Having some issues with importing modules in python. This is my folder structure
my_app/
    app.py
    __init__.py (I want to import a function from this file)
    folder1/
        __init.py
        method1.py
    folder2/
        __init__.py
        method.py
In my root __init__.py I have this function
def want_to_be_run_elsewhere():
    pass
In my app.py, I want to import this function and run it when I start my application, but I'm unsure how to do it.
from my_app import want_to_be_run_elsewhere
This throws a no module named my_app
From what I can tell, I have all the necessary __init__.py files, so maybe it could be sys.path related?
I've read some similar threads on here but I haven't been able to solve this.

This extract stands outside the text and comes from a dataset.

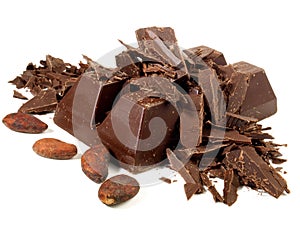 Dark Chocolate Couverture on white Background - Isolated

The __init__.py file lets the Python interpreter know that a directory contains code for a Python module . An __init__.py file can be blank. Without one, you cannot import modules from another folder into your project. The role of the __init__.py file is similar to the __init__ function in a Python class.
Within __init__.py , we import all the modules that we think are necessary for our project.

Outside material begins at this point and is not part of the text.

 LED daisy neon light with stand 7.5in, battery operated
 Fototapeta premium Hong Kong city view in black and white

Although Python works without an __init__.py file you should still include one. It specifies that the directory should be treated as a package, so therefore include it (even if it is empty).
Any directory with an __init__.py file is considered a Python package. The different modules in the package are imported in a similar manner as plain modules, but with a special behaviour for the __init__.py file, which is used to gather all package-wide definitions.

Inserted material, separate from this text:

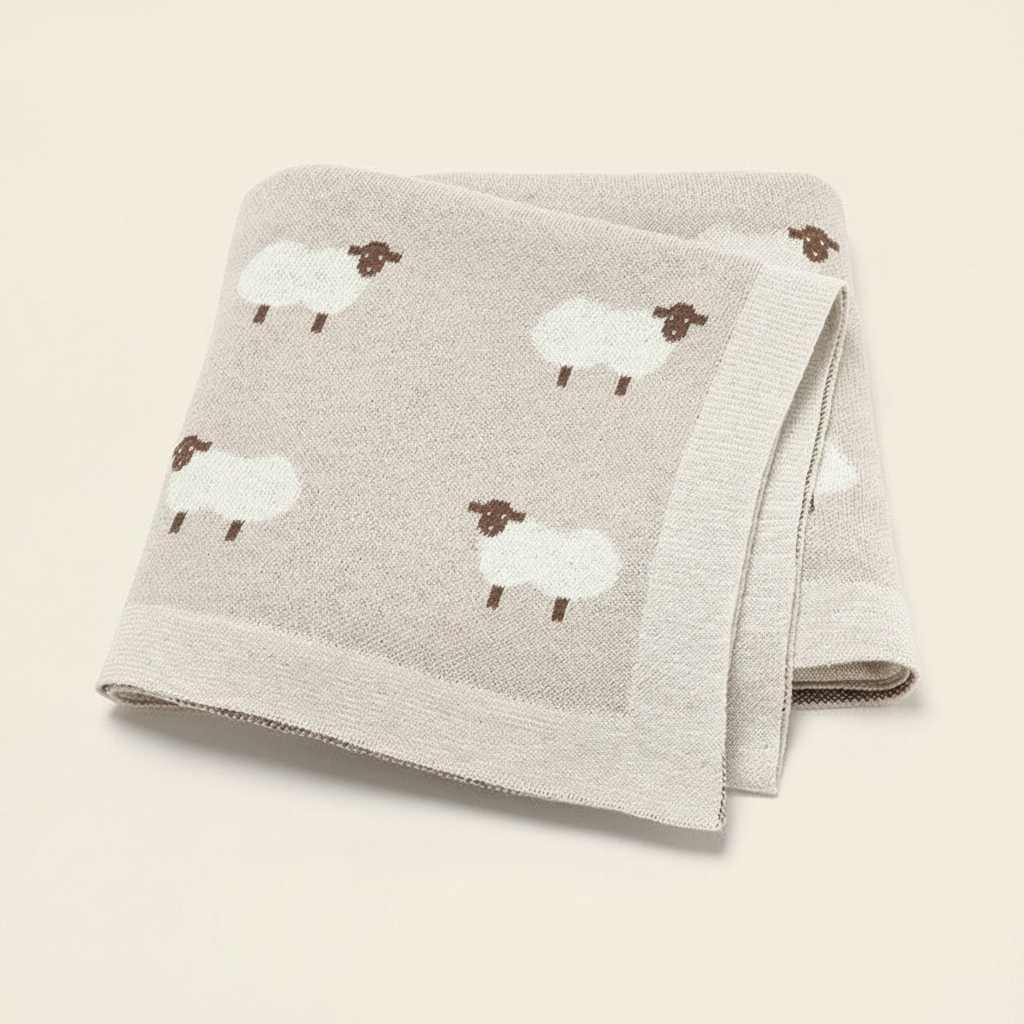 Lange bébé beige sable plié, montrant les détails raffinés et les couleurs naturelles de la collection.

Usually you would do the import like
from . import want_to_be_run_elsewhere
This doesn't work here, because you are calling app.py. If you import my_app.app, it is part of the module. If you call it it is not. Importing from the module it is in using . will then not work.
You could either move app.py outside of my_app, removing it from the module and making imports work again.
Or you can use
from __init__ import want_to_be_run_elsewhere
in app.py
I believe
from my_app import want_to_be_run_elsewhere
will only work if you have actually pip install -e my_app/. Then it should work too.